## DATA LISTING:
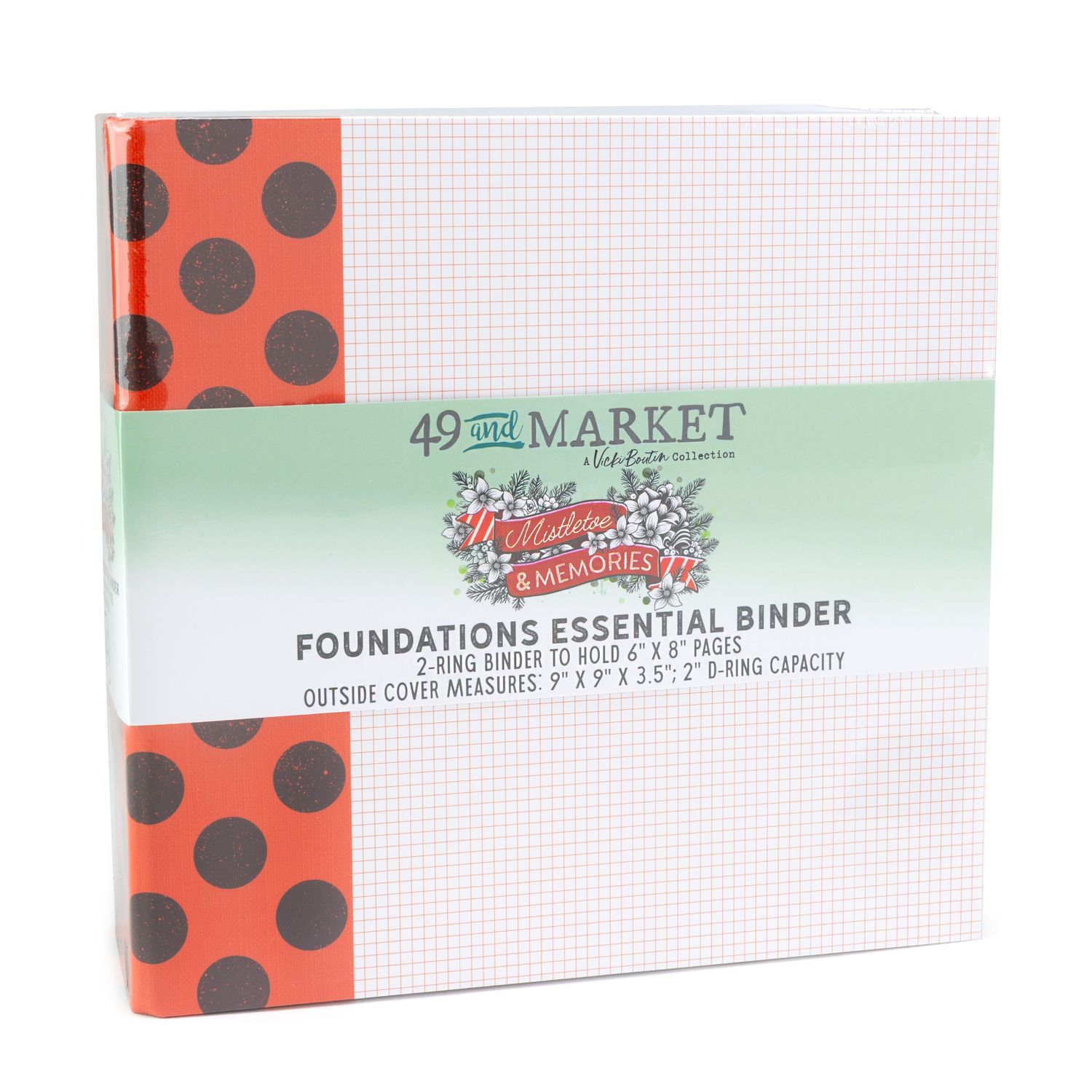 Mistletoe and Memories Binder Album Kit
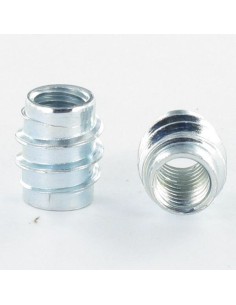 Self Tapping Insert Not Slotted Steel M8 12X30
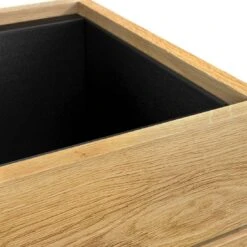 OUTLIV. Flora Pflanzgefäß Wildeiche -Garten Leben outliv by detlef steves flora pflanzgefaess 40x41x39cm wildeiche 1354081 4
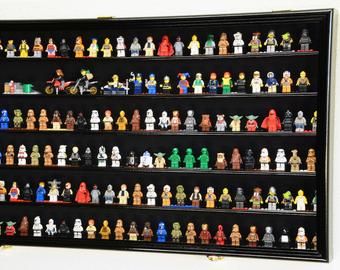 Lego minifigure display | Etsy Lego Displays, Figurines Display, Mini Figure Display, Lego Display Case, Lego Men, Lego Minifigure Display, Lighter Collection, Figurine Display, Lego Display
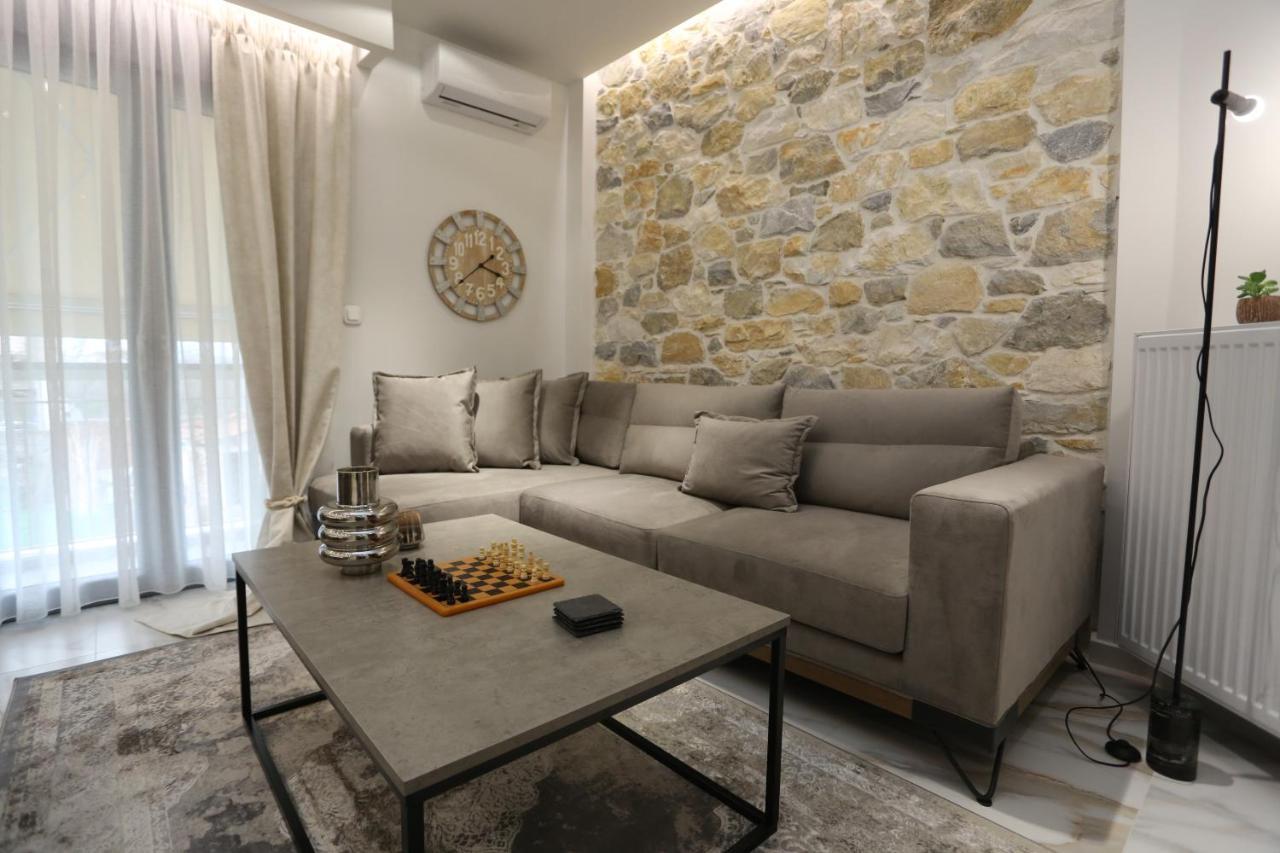 La Larissa Luxury Apartments Trekke Buitenkant foto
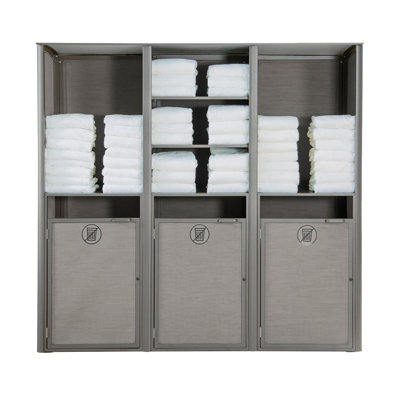Porte-serviettes en aluminium Grosfillex Sunset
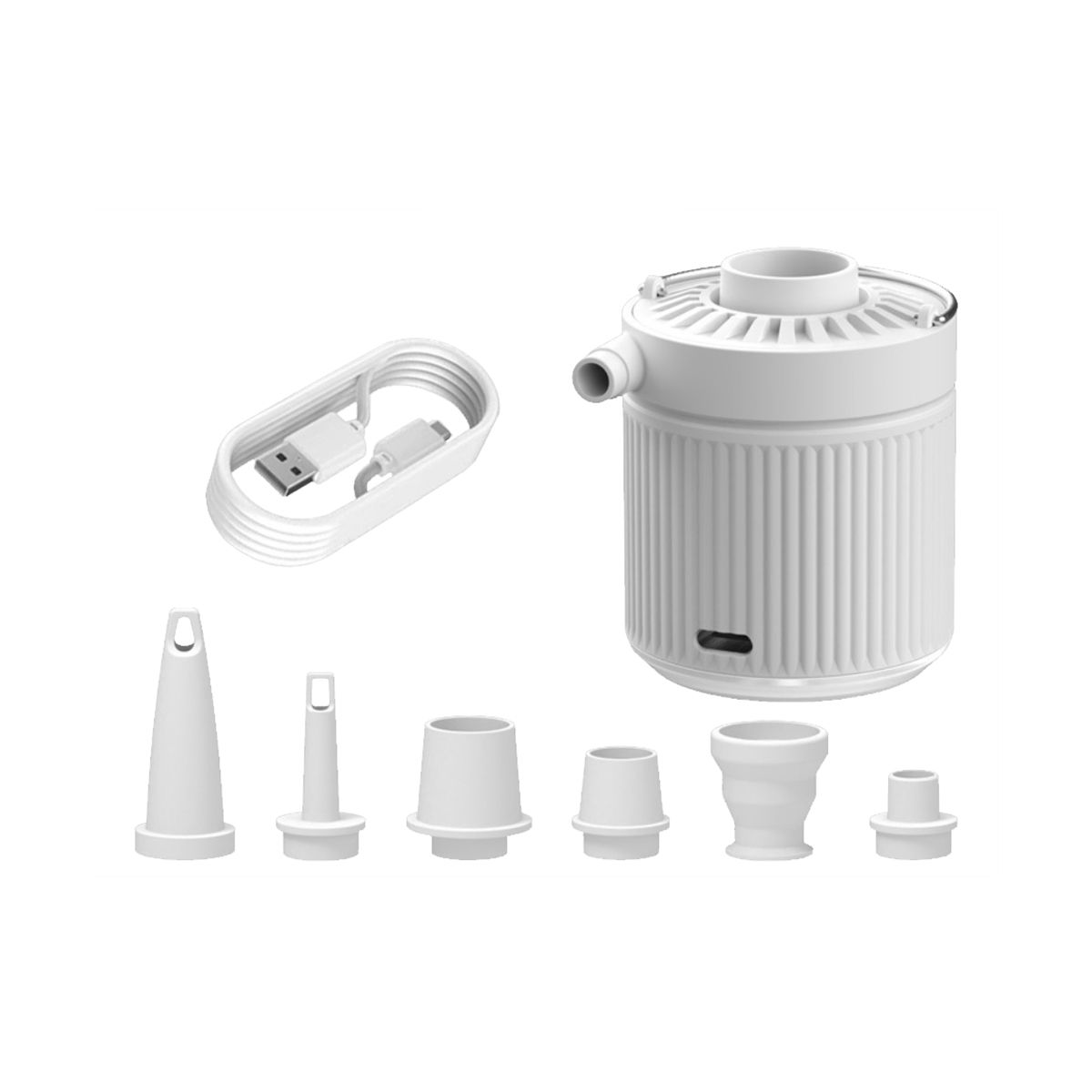 Portable Air Pump, USB Rechargeable Air Pump Inflate
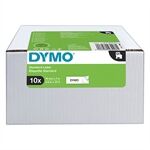 Dymo 2093098 cinta negra sobre blanco 19 mm 10 cintas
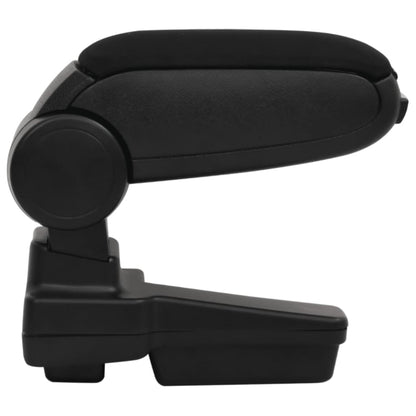 Car Armrest Black 14.5x32x(27-46) cm ABS
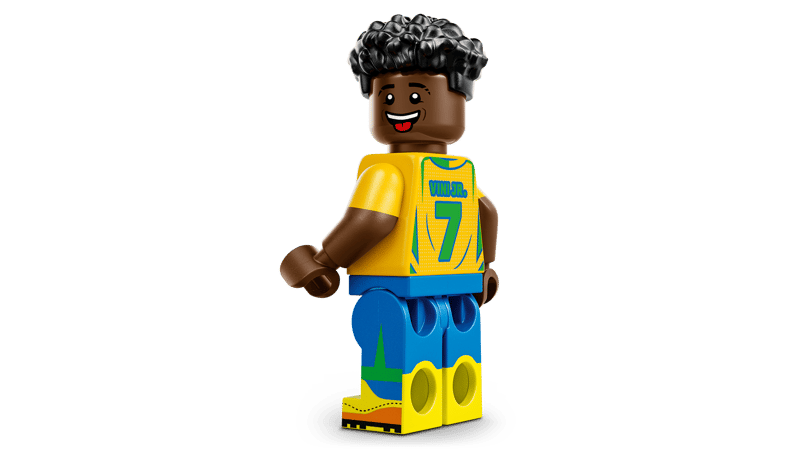 LEGO Editions Vini Jr. - Football Highlights (43027)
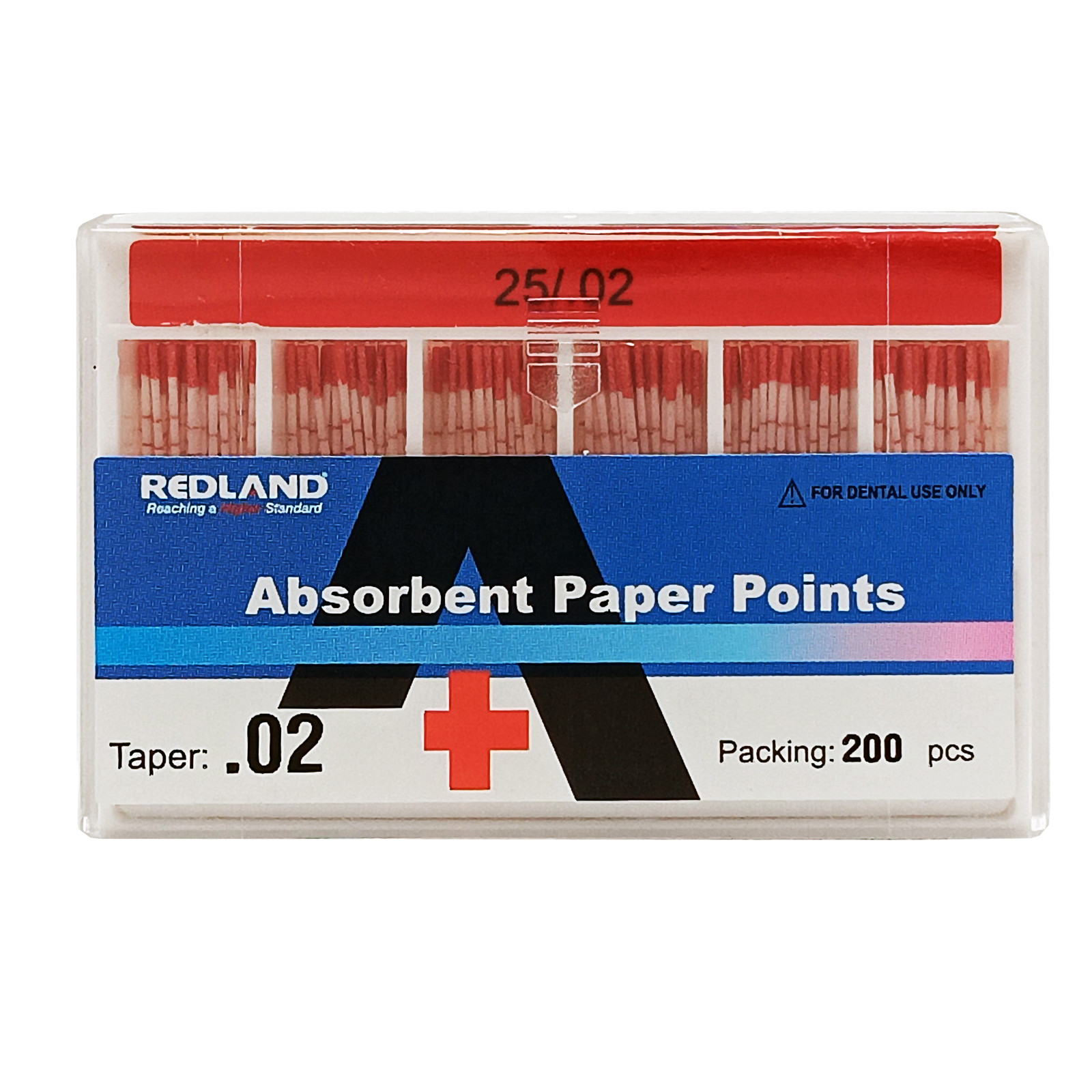 Dental MM Marked Absorbent Paper Points All Size sliding box (.02-.04-.06 Taper)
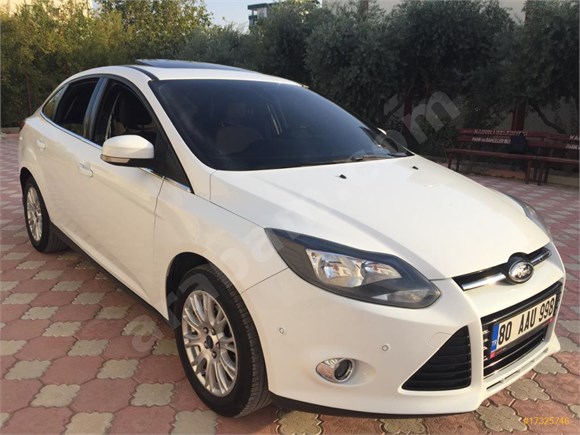 Sahibinden Ford Focus 1.6 Ti-VCT Titanium 2014 Model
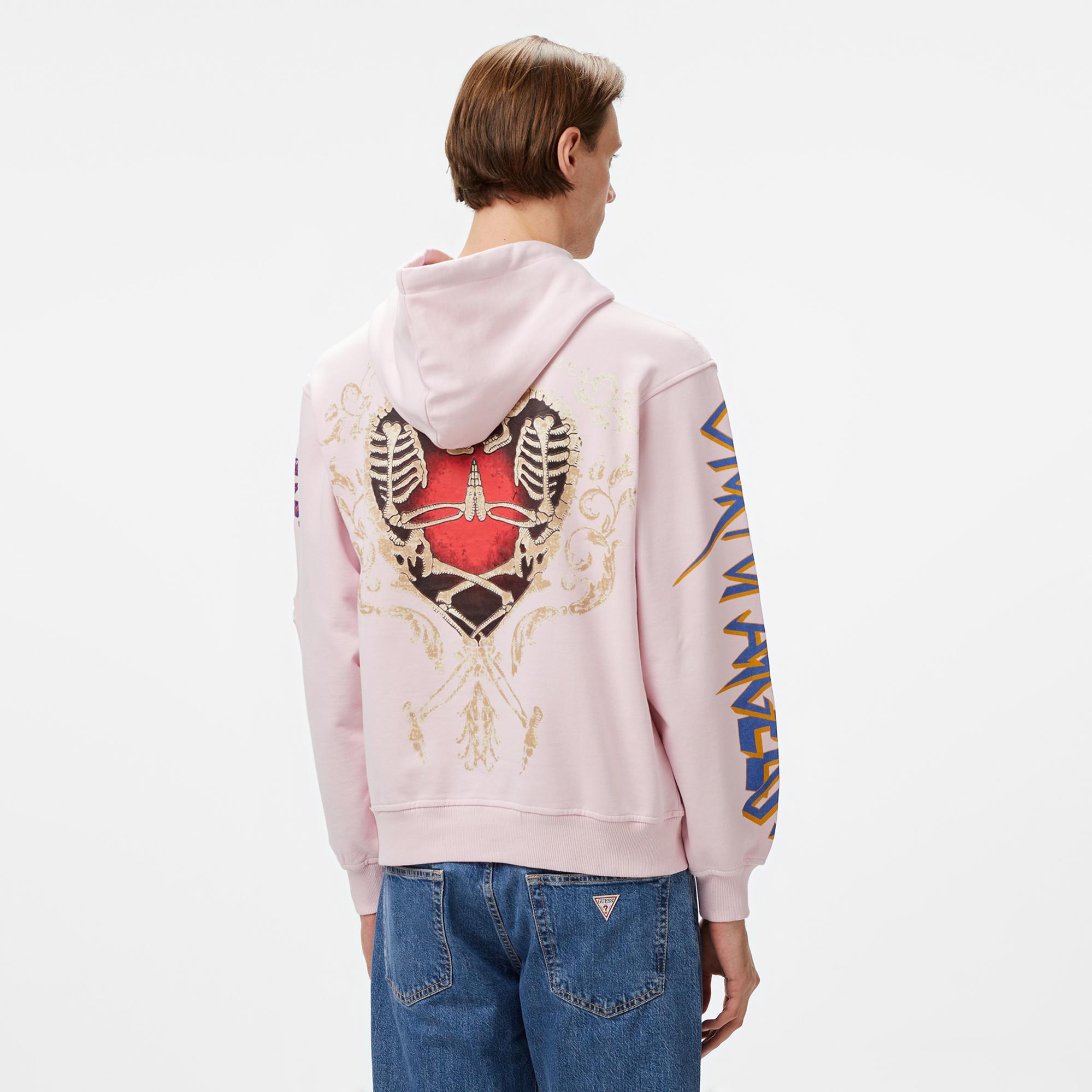 Story Of Angels Soa Eternally Yours Romance Erkek Pembe Hoodie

## WORK TO COMPLETE:
If an entry contains a picture, leave it out and repeat the rest exactly.

## EXERCISE RESULT:
 Mistletoe and Memories Binder Album Kit
 Self Tapping Insert Not Slotted Steel M8 12X30
 OUTLIV. Flora Pflanzgefäß Wildeiche -Garten Leben outliv by detlef steves flora pflanzgefaess 40x41x39cm wildeiche 1354081 4
 Lego minifigure display | Etsy Lego Displays, Figurines Display, Mini Figure Display, Lego Display Case, Lego Men, Lego Minifigure Display, Lighter Collection, Figurine Display, Lego Display
 La Larissa Luxury Apartments Trekke Buitenkant foto
Porte-serviettes en aluminium Grosfillex Sunset
 Portable Air Pump, USB Rechargeable Air Pump Inflate
 Dymo 2093098 cinta negra sobre blanco 19 mm 10 cintas
 Car Armrest Black 14.5x32x(27-46) cm ABS
 LEGO Editions Vini Jr. - Football Highlights (43027)
 Dental MM Marked Absorbent Paper Points All Size sliding box (.02-.04-.06 Taper)
 Sahibinden Ford Focus 1.6 Ti-VCT Titanium 2014 Model
 Story Of Angels Soa Eternally Yours Romance Erkek Pembe Hoodie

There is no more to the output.